Born in Valencia, Martínez Castellano joined the Spanish Socialist Workers' Party (PSOE) in 1976. He was the first democratically elected mayor of his home city in the 1979 Spanish local elections. He was sworn into office with the support of the 13 city councillors from his party and the six from the Communist Party of Spain (PCE), thus outvoting the 13 members of the Union of the Democratic Centre (UCD).

Martínez Castellano reflected in 2019 that when he arrived at the mayor's office, it only had a table with no drawers, an FC Bayern Munich pennant and a red sofa kept for sentimental reasons as Francisco Franco had once sat there. The city council had a deficit of 3 billion pesetas (€18 million) and outstanding bills since 1972. The new administration took possession of landmarks such as the Museo de la Ciudad de Valencia, and halted building projects in favour of green spaces. Martínez Castellano faced an attempted bombing of his home in his first week in office.

Days after taking office, Martínez Castellano was able to pass a two-thirds majority with support from the UCD to ask for a loan of 1.528 billion pesetas. On 11 June 1979, he hosted a meeting of the mayors of the 20 biggest cities, in which Narcís Serra of Barcelona advocated for financial reform to combat a shared debt that was forecast to reach 400 billion pesetas by the end of the year. The mayors met the prime minister of Spain Adolfo Suárez the next day.

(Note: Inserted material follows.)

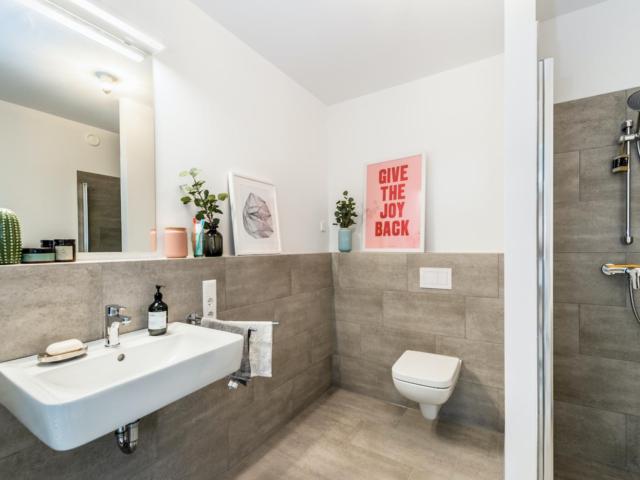 Pleasant double bedroom in Moabit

===Expulsion from the PSOE===
In September 1979, Martínez Castellano attended the 28th PSOE congress, where he was part of the "critical" sector against leader Felipe González's proposal to remove Marxism from the party's ideology; González resigned as a result. Due to this position, Martínez Castellano was expelled from the Socialist Party of the Valencian Country (PSPV), resigned from office, and was replaced by the second name on the PSOE list for the election, Ricard Pérez Casado.

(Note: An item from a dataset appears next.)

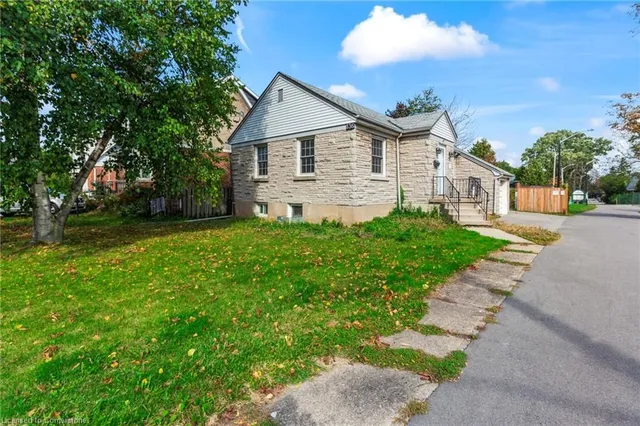 Additional image 40 of 136 Brantdale Ave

The PSOE attempted to dismiss Martínez Castellano from his seat on the city council. The matter went to the Constitutional Court, which found in Martínez Castellano's favour. The case set the precedent that political mandates belong to the elected individuals, and not to political parties.

===Later life and death===
Martínez Castellano returned to politics for the 2007 Valencia City Council election with the Social Democratic Party. Initially the lead candidate, he was finally listed as second. He was also a columnist for the local newspaper Las Provincias.

Martínez Castellano died on 20 May 2024, aged 82. Valencia City Council declared three days of mourning.